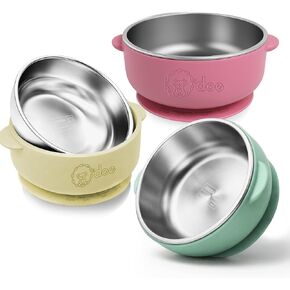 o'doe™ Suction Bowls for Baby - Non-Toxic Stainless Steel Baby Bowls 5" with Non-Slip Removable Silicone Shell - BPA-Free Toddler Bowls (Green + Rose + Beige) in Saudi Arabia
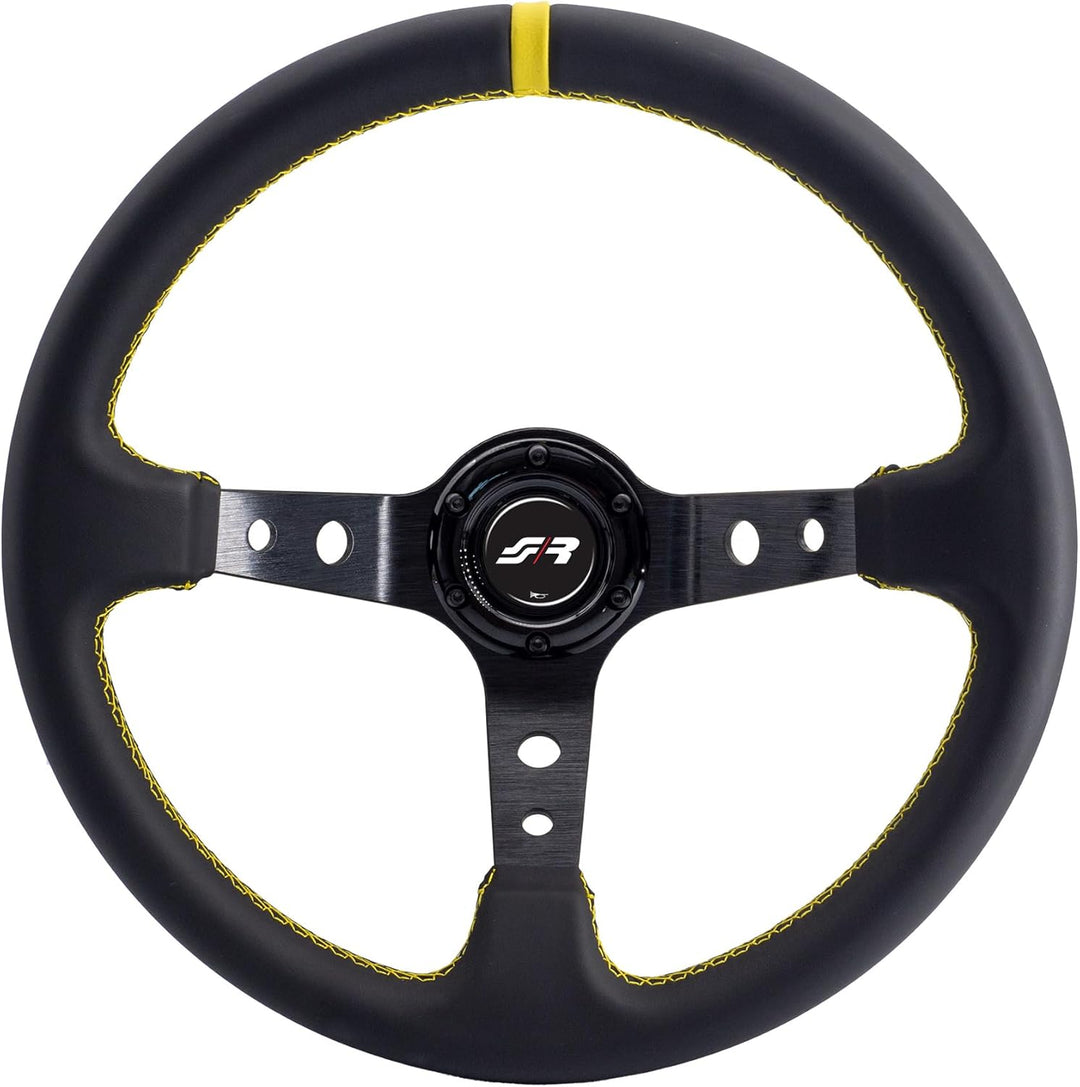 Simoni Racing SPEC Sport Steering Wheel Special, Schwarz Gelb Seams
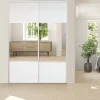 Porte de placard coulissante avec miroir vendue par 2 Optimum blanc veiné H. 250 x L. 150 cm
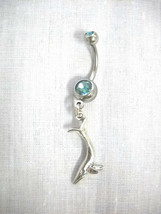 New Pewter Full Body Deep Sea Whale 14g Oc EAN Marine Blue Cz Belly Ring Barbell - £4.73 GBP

Task to carry out: For this exercise, write out the listing verbatim and leave every image out.

Output for this exercise:
 o'doe™ Suction Bowls for Baby - Non-Toxic Stainless Steel Baby Bowls 5" with Non-Slip Removable Silicone Shell - BPA-Free Toddler Bowls (Green + Rose + Beige) in Saudi Arabia
 Simoni Racing SPEC Sport Steering Wheel Special, Schwarz Gelb Seams
 Porte de placard coulissante avec miroir vendue par 2 Optimum blanc veiné H. 250 x L. 150 cm
 New Pewter Full Body Deep Sea Whale 14g Oc EAN Marine Blue Cz Belly Ring Barbell - £4.73 GBP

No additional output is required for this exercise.